As Google celebrates its 15th birthday, CeBIT’s DataCon2013 held from 9-10 October in Sydney marked the second year that we are talking about Big Data at big forums in Australia. The buzz is getting louder and the discussion has changed from "Big Data, a hype" to "Big Data, a challenge" in just about 12 months. As put forward in many white papers and blogs written in the last 10 years, Big Data is definitely the new frontier of innovation and productivity growth, and for small and large businesses, private and public organisations, it has become imperative that Big Data is part of the overall business strategy.
Now the question is being asked – how do we develop a Big Data Strategy? I propose the following 6 steps (from an data analyst point of view):
Step 1: Comprehensive Data Inventory. So we ask once again what is Big Data? Big Data is all about data and we could group them into three:Group 1: data that organisations have been collecting about their customers through billing, customer care, e-commerce transactions, emails, market surveys, and traditional sources such as ABS Group 2: those that are being volunteered on social media e.g. facebook and twitter Group 3: those that global organisations e.g. Google, facebook, Amazon, ebay have collected over the decade. The first step at developing a Big Data Strategy is to fully understand what data the company holds. For many organisations, potentially, this is the first time a comprehensive data inventory is being done and discovering what and how much data the company has, can be a big eye opener. Focusing on customers, get hold of all customer related and data that can be linked to customers. Undertake data mining and discover what your data shows, do data visualisation as it is easier to see both regular and unusual patterns visually. To do the data discovery and visualisation processes, it is advisable to hire a data scientist/statistician from outside the company for two reasons: 1) for fresh set of eyes, free of internal biases and BAU processes and 2) to measure the statistical significance of observations.
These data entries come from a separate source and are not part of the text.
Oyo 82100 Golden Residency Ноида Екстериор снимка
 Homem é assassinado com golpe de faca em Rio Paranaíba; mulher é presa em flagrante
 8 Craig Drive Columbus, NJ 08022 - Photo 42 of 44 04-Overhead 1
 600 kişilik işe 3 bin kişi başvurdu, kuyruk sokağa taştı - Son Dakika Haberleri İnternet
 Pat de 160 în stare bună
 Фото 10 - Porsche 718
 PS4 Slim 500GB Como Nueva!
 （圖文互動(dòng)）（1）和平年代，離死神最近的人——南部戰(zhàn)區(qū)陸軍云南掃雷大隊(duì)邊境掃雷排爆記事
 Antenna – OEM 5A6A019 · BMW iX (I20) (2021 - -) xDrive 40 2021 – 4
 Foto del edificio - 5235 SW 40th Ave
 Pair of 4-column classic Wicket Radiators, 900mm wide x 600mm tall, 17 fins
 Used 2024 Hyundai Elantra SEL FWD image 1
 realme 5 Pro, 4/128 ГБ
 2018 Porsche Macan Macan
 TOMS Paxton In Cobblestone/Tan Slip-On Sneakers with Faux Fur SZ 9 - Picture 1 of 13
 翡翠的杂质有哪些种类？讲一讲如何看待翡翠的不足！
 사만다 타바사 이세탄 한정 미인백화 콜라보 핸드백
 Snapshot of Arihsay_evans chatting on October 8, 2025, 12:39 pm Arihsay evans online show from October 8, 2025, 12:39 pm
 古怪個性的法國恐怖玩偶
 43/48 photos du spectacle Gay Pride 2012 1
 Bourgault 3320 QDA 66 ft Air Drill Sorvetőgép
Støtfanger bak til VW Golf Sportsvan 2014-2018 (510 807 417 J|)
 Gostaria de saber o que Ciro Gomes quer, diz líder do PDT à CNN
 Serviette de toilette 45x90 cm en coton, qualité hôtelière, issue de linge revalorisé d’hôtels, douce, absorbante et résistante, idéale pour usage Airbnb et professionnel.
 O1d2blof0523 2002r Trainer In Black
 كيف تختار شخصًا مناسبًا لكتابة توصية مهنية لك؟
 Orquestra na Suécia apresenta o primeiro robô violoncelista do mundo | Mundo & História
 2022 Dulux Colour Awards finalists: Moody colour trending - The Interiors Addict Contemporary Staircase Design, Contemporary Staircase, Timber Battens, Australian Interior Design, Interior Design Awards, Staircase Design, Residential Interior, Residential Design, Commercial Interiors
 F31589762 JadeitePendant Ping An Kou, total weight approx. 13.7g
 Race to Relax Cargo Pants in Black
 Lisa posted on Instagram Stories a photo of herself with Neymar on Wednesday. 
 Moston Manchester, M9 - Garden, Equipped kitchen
Step 2: Strategic Business Requirements Gathering. Data is used to inform business processes, decision, policy making and planning, therefore it is important to understand how the data is being used and who are the end-users. Go directly to the decision-makers, the C level executives, if you must, and you might find out that fundamental questions are being asked e.g. market share, price elasticity, customer value, customer profitability and correct market segmentation. Map those questions and define your Question-to-Answer strategy - what are the key questions being asked and how can these questions be answered. Would Group 1 data be sufficient to answer those questions or do you need to tap into Group 2, and Group 3? This step will also determine what types of statistical modelling need to be developed, which would ultimately define the type of software and infrastructure required.
Step 3: Existing IT Infrastructure and Software Inventory. From learnings from steps 1 and 2, undertake IT infrastructure and applications inventory. Evaluate if your existing IT capability is up to scratch with what you want to do with your data. Your own IT department should be the source of intelligence for this exercise and if you have outsourced your IT, hire technology-agnostic consultants who are not only motivated to sell you their wares. The key point here is - don’t start buying new software and building new infrastructure until you have done steps 1, 2 and completed this step. Chances are you have so many software and systems but you are not Big Data ready. It is also possible that you have Big Data infrastructure in some form and depending on your business requirements - perhaps all you need is analytics capability to data mine, analyse and model. So potentially, you might only need to hire data scientists or statisticians who could work on structured and unstructured data.
Step 4: Build Business Case: At this stage you should have gathered key inputs into your project business case - costs and benefits. Again, involve IT to design a prototype and from the above steps, determine your project cost. Once project costs are estimated, compare that with expected benefits e.g. cost savings, productivity growth or revenue generation. A strong ROI is the key to a strong business case to generate interests from potential sponsors.
Step 5: Develop Big Data Capability - Infrastructure, Metadata, Software, BI (Reporting). This is the actual project management step which could potentially go between 12 to 18 months. Spending the first 6 months developing an end-to-end prototype is going to be critically worthwhile and cost effective - even if you have to stop the project!
Step 6: Build Analytics Capability (Hire). Hire data scientists/statisticians. Loop back to data discovery. Spend a lot of time on data discovery which might involve data cleansing and transformation. Once you have fully understood your data, then and only then can you construct implementable segmentation, develop behavioural models and perform predictive, decision, and policy analytics.